Volgens hetzelfde Schouwburg Journaal heeft dagblad Trouw Percevals werk als volgt ingeleid: ‘In het theater laten we het ons nog toe de waarheid in de ogen te kijken’. Volgens De Morgen is hij ‘een ziener. Een man met een visie die stukken zorgvuldig kiest en ze samen met zijn ploeg kneedt tot de tekst larger than life wordt’.

De waarheid, een ziener. Misschien is dat de sleutel. Ik zie, als op een oud schilderij van een Vlaamse meester, een kamer voor me met halverwege een half weggeschoven gordijn. Daarachter is nog een deel van de kamer te zien. Het zou behalve een kamer, een huis- of een slaapkamer, ook een toneelvloer kunnen zijn, met halverwege (nog) een gordijn.Wat zich daarachter afspeelt is een andere werkelijkheid.
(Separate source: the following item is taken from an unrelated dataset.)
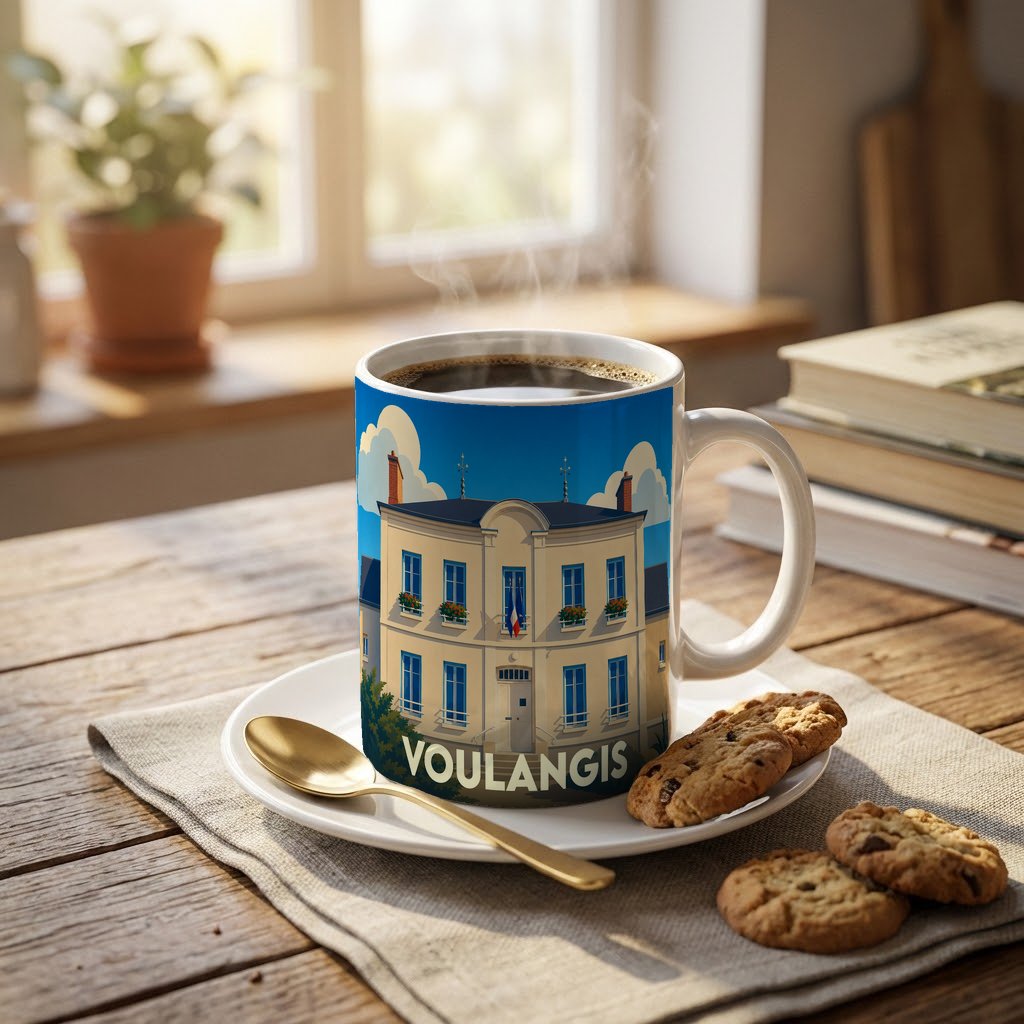 Mug souvenir de la ville de Voulangis avec une illustration stylisée de sa mairie.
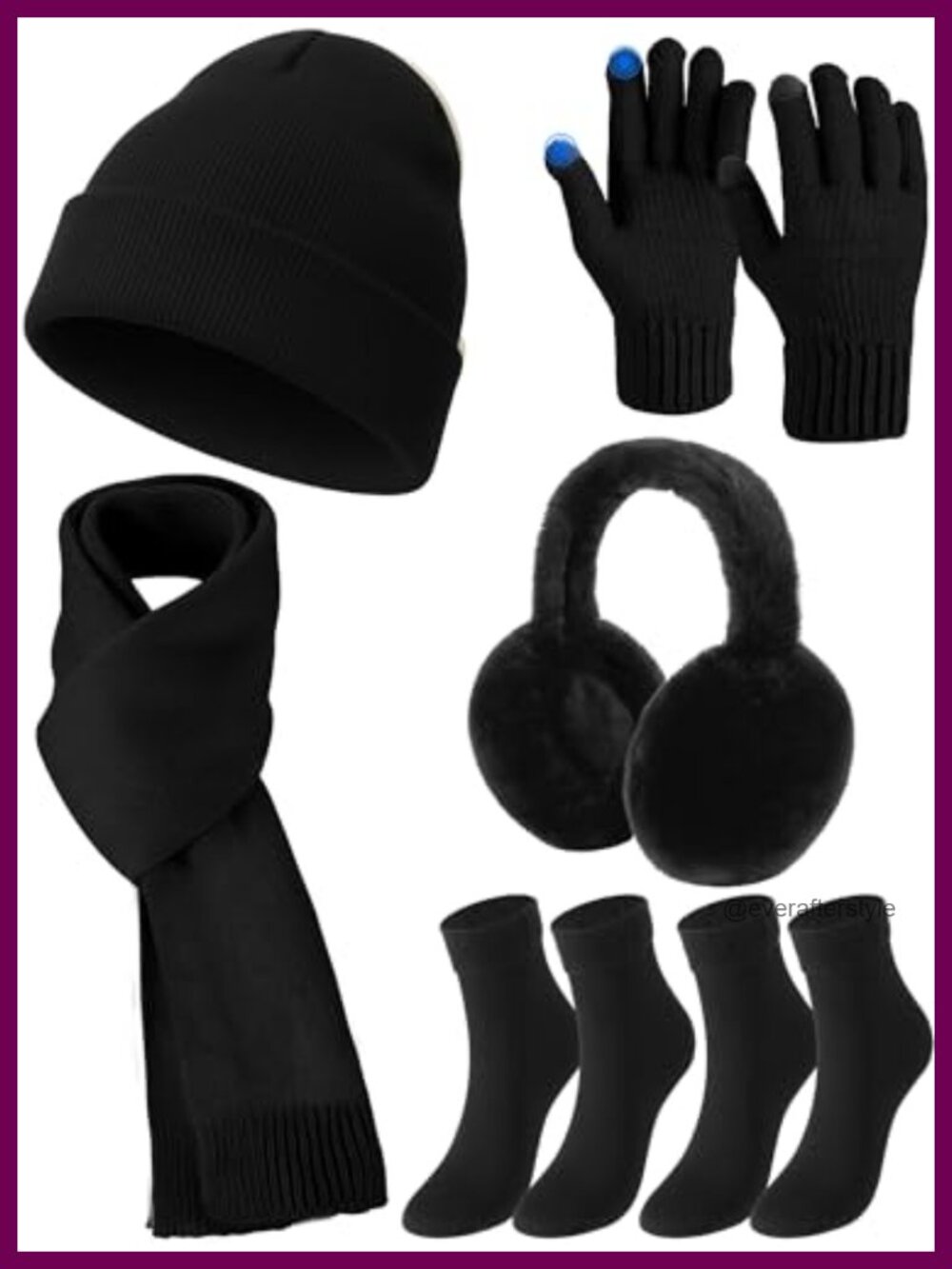6Pc Winter Hat Scarf Glove Sock Set Imitation Cashmere Touchscreen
Een waarheid, die mensen als De Perceval ons als een ziener willen tonen.

De soms mystieke, dan weer op de actualiteit geënte extra gelaagdheid die zo opdoemt, is kenmerkend vanaf de schilderijen van de Vlaamse primitieven uit de middeleeuwen tot het werk van de jongste garde. Of zouden die verschillende lagen niet gewoon twee kanten van dezelfde medaille zijn, die in je beleving tot een grootse eenheid samensmelten?
Komend seizoen krijgen we veel kansen om hier een antwoord op te zoeken. Onder andere in FRONT. En in Kunsthal Kade in Amersfoort, waar zanger en kunstverzamelaar Tom Barman (van de Vlaamse band dEUS) een tentoonstelling over een eeuw Belgische kunst mocht inrichten. Kunst die volgens hem wordt gekenmerkt door ingetogenheid, bescheidenheid en absurdisme. Dat zou allemaal wel eens kunnen kloppen.

De Vierkantige Rechthoek – Tom Barman ziet alle hoeken van een eeuw Belgische kunst. 28 september 2014 t/m 4 januari 2015, Kunsthal Kade, Eemplein 77, Amersfoort.